This programme could almost have been devised by the outgoing Music Director of the London Symphony Orchestra. Sir Simon Rattle described himself as a “Haydn nut” and the LSO as “one of the best Stravinsky orchestras in the world”. It was, though, the work of LSO Associate Artist and tonight’s conductor Barbara Hannigan, whose first conducting engagement was of Stravinsky’s music. First came an enchanting Pulcinella, the complete ballet score with three solo voices, based on music from Pergolesi and his contemporaries.

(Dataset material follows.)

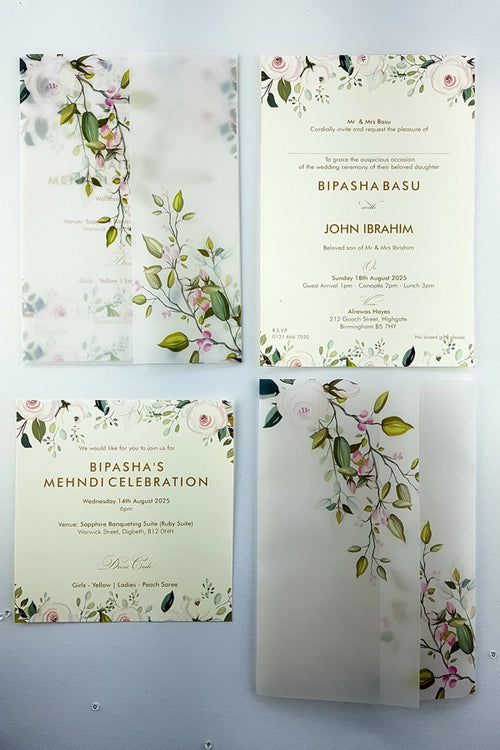 Load image into Gallery viewer, ABC 970 Vellum Translucent Floral Rosebud Invitation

Stravinsky treated his 18th-century sources with respect, but not reverence, and the LSO relished playing this music. The orchestration is varied throughout, and often witty (a duet for double bass and trombone – really?). Hannigan often set swift tempi, which did not wrongfoot these players, but which were certainly exhilarating. There were so many accomplished solos it seems invidious to pick anyone out, but leader Ben Gilmore, Principal Oboe Olivier Stankiewicz, and Principal Bassoon Rachel Gough sailed though some tricky assignments in this score.

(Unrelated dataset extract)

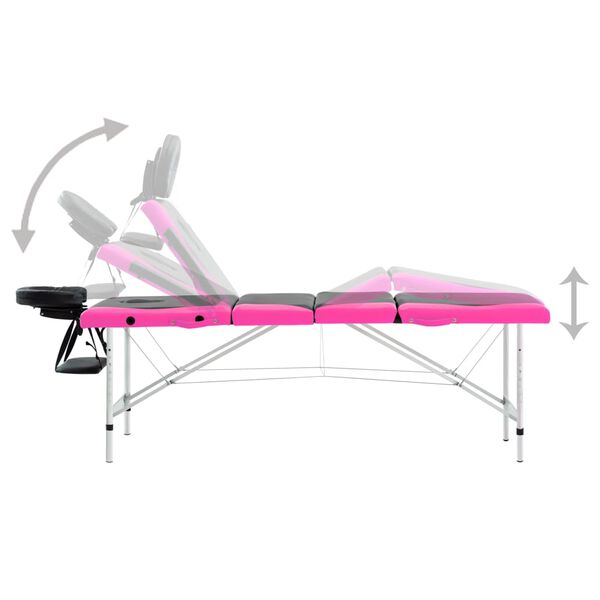 vidaXL Table de massage pliable 4 zones Aluminium Noir et rose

Hannigan trusted the players enough actually to stop conducting during the Gavotte, leaving the players to follow each other. The three young vocalists acquitted themselves well, individually and in ensemble. Charles Sy made a vocally cloudy start but soon found the poise and wit in his music. Fleur Barron made the most of her appealing lower register in “Contento forse vivere”, and so did Douglas Williams in the composer’s exaggerated 18th-century word-painting at “dalla profondita”.
Haydn’s Symphony no. 64 in A major brought authentic 18th-century music. "Tempora mutantur" its nickname, is from Tempora mutantur, nos et mutamur in illis, (Times have changed; and we change with them). The symphony is scored for just two oboes, two horns and strings, so the sort of work left nowadays to authentic instrument smaller groups. But just as opera singers who progress to Romantic roles want to keep their Mozart ones, to retain stylishness, flexibility and tessitura, so major symphony orchestras need to keep in touch with their own musical roots. Without classicism how do you interpret neoclassicism – which virtually begins with Pulcinella?
The LSO were not found wanting in classical style here and neither was their conductor. One might have thought her other main metier was dance rather than song, so balletic was Hannigan's direction, especially in the Minuet and the Presto finale. She even managed to make the unusual Largo sound coherent, despite the hesitations and interruptions to its line. (Musical ‘time’ out of joint – the cause of the Latin nickname, which was Haydn’s own?). Hannigan might have encouraged the horns more in the first movement, since the thrill of their often high-lying parts are such a feature of the texture in this modestly scored piece.
Stravinsky’s Symphony in Three Movements was written in America during World War 2, and has often been linked to those violent times. Hannigan pulled no punches in the arresting opening, and kept the many ostinatos buoyant. The prominent piano (recalling Petrushka) was well balanced within the fast-changing focus on various instrumental groups. The decorous slow movement (recalling Pulcinella), with the harp taking over from the piano, and heavy brass and percussion silenced, was elegiac in feeling. No restraint though in the high horn whoops in the finale’s opening, or hesitations in the complex rhythms, but a growing tension up to the last section, building momentum to the final ‘Hollywood’ chord. Cue some whoops from the audience to match those from the horns.